Main Area and Open Discussion > General Software Discussion
Do i perform L.L.F. ?
hulkbuster:
Hello, i have some problem with my PC's H.D.D, i had 3/4 sector errors because one of my friend used some Defrag tool to Defragment the Disc, so on the process he did something wrong, which showed some sector error.
I am using Drevitalize 2.4.2 to remove the sector errors , which it did, and over time, the sector kept popping, to 6/8/12 sector errors.
So, i am in a loop, my P.c is only a year old, and it used to perform nicely, but this H.D.D problem is being noticebly dominant. Like slow access to any partition, and it takes a little time to respond, if i click to any partition.
So i plan to perform a Low Level Format, i heard cases where everything failed regarding removing the sector error, L.L.F. excel , since it is only writing 0's and 1's, i don't know if i.m. right.
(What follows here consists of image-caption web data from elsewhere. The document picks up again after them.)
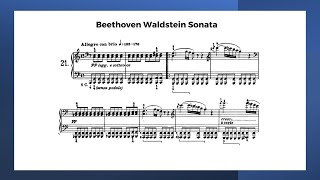 Beethoven Waldstein Sonata Nelson Freires Performance with Sheet Music 1st 2nd and 3rd movement [upl. by Westerfield960]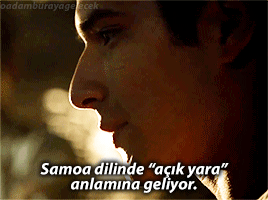 oadamburayagelecek:  açık bir yara gibi hissettiriyor.. 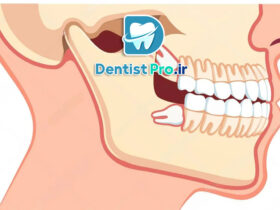 کشیدن دندان عقل با کمترین تورم: راهنمای جامع و علمی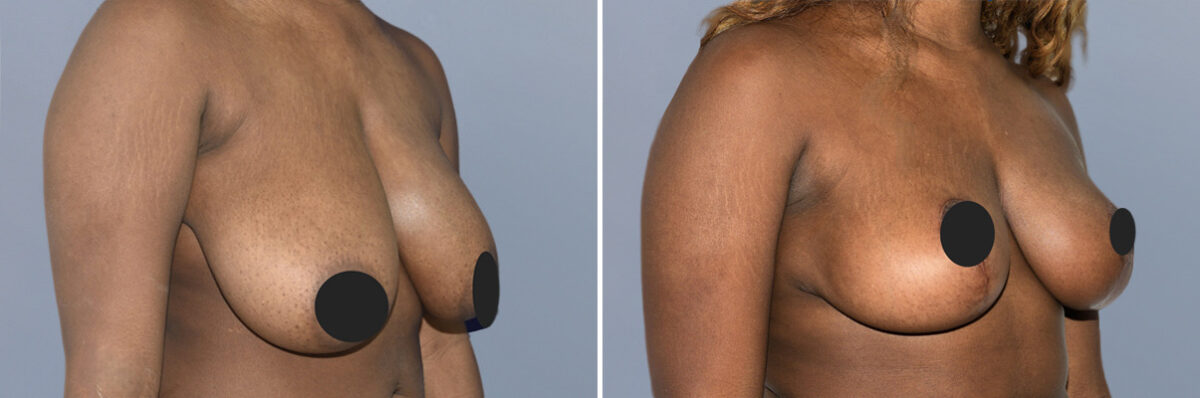 Breast Procedures before and after photos in FL, Palm Beach Gardens, Patient 1152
Cam someone suggest any thing better or avoid L.L.F. I am in a limbo, no way out.
Any suggestion is welcomed
40hz:
There are many arguments both pro & con. But I'll spare you ;D and just give you my own personal take on it:
IF you're convinced the problem is strictly a format/sector issue - as opposed to a hardware or media problem - you could do a scrub using a heavy-duty erase tool, and then reformat it for your OS. I've had situations where that 'cured' oddball/intermittent problems I was having with certain HDs when they couldn't be fixed any other way.
If you decide to go that route, Darik's Boot & Nuke (or DBan) is an excellent tool. I'd strongly suggest using the "quick" option when you run it.
DBan can be downloaded here.
Note: a complete DBan wipe will take significant time, so plan on waiting several hours before it's finished.
Luck! :Thmbsup:
x16wda:
What 40hz said. But given costs of hard drives these days, consider getting a replacement instead. If the drive continues adding bad sectors then there could well be a physical defect, and perhaps whatever your friend did with the defrag tool just ran afoul of that. I'd be uncomfortable trusting a "repaired" drive especially if a drive failure later could put me out of commission; I'd rather take proactive steps than be forced to react at some random - probably inconvenient - moment when it suddenly gives up the ghost.
Stoic Joker:
What 40hz said. But given costs of hard drives these days, consider getting a replacement instead. If the drive continues adding bad sectors then there could well be a physical defect, and perhaps whatever your friend did with the defrag tool just ran afoul of that. I'd be uncomfortable trusting a "repaired" drive especially if a drive failure later could put me out of commission; I'd rather take proactive steps than be forced to react at some random - probably inconvenient - moment when it suddenly gives up the ghost.-x16wda (January 11, 2014, 08:41 AM)
--- End quote ---
+10 - I've never seen anybody break a HDD with defrag (unless they were doing it with an icepick), but I have seen it expose existing issues with a drive many times when it wandered across an area that was on-the-edge.
Replace and relax ... Unless you really like surprises... ;)
mouser:
Another vote for replace and don't trust your current erroring drive.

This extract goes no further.